I also finished Bill Clegg’s Did You Ever Have a Family, and I also lump it in my mind with the Tyler and Enright as being another realistic family drama. But this one is the best of the lot. In fact if “realistic family drama” is a category I decide should be represented on my short list (not sure about this), then Clegg would get the spot. His novel is the sparest and most evocative of them all. He tells his story through many different perspectives, and the voices work alongside and against each other to add up to a complex whole. He touches on race, class, and sexuality in a manner that is both light and deep at the same time.
But then there is Marlon James’s Brief History of Seven Killings, which is another creature entirely. This one is definitely getting on my short list. It’s a large novel in multiple senses — long and ambitious. It’s about Jamaica in the 1970s and beyond, about politics, drugs, violence, gangs, music, and yes, family drama. The language is what stands out to me the most; we get many different voices and each one is unique. I felt like I was living in the minds of these characters, and I loved it, even when the characters were terrible, terrible people. It was a hard novel to take a lot of the time — it’s full of horrible violence and cruelty and definitely not for the faint of heart. It’s confusing at times. But James has control of the plotting as well as the language, and it all comes together beautifully.
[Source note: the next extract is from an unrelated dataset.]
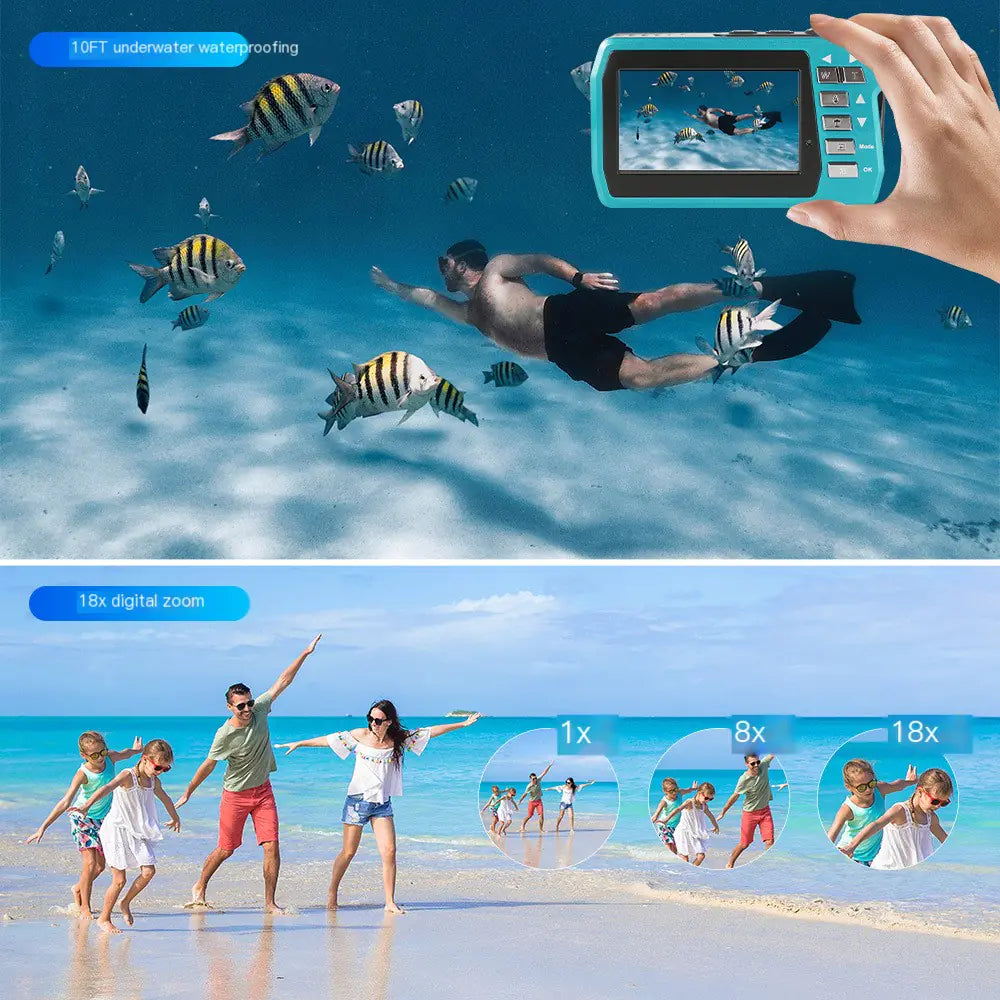 4K Digital Camera with Dual LCD Screens and Waterproof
It’s so hard to compare these very different books! James’s originality and scope stand out to me, and how could Tyler’s novel stand up to it? But Tyler has great facility with language and insight into human nature in her own way, even if it doesn’t stand out in the way James’s work does. But this process is making clear to me how much more I value attempts at ambitious newness than more familiar novelistic styles, even if they are done particularly well.